If I think my uniform is stupid, Maddock thought sourly, what about the one these lunatics are wearing?
It was a legitimate question, and one which had occurred to him more than once during the endless purgatory of his six-month assignment to his present duty. He'd experienced his share of idiocy during his occasional assignments to provide technical expertise to some operation being mounted by Manpower bureaucrats who knew no more about the truth of the Mesan Alignment than anyone else, but this one took the cake. It wasn't just Manpower loonies this time. Oh, no!

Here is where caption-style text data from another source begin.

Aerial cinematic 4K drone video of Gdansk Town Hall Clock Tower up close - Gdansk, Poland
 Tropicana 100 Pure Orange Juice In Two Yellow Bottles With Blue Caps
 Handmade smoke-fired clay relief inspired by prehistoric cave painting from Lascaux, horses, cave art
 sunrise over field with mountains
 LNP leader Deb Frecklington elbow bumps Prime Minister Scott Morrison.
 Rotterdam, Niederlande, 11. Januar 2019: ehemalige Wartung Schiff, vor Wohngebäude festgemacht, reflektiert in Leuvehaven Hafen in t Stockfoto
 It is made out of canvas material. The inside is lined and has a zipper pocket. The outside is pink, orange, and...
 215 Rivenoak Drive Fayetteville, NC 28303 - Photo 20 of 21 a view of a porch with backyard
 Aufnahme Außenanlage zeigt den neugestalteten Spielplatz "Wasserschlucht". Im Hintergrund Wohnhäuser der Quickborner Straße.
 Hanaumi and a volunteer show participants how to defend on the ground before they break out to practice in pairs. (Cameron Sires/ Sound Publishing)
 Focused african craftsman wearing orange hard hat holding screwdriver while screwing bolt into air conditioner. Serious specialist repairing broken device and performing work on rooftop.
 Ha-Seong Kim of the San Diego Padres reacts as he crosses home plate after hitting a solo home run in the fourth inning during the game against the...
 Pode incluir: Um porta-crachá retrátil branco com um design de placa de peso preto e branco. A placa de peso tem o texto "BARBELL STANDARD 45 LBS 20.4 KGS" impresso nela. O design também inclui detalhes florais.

This time he got to deal with an entire task force of people who were so far around the bend they wouldn't have been able to see it with a telescope . . . if it had ever so much as crossed their teeny-tiny minds to look back in the first place.
Luff marched to his chair at the head of the conference table and waited while Hartman and Vergnier stood behind their own. Then he seated himself, paused for two carefully counted heartbeats, and nodded regally to the lesser beings clustered about him.
"Be seated," he commanded, and Maddock made himself wait another half-second before he obeyed.
He and Milliken looked conspicuously out of place at that table in their black tunics and charcoal-gray trousers. True, the other uniforms around them sported almost as much braid as theirs did, but those other uniforms' tunics were red, and their trousers were black.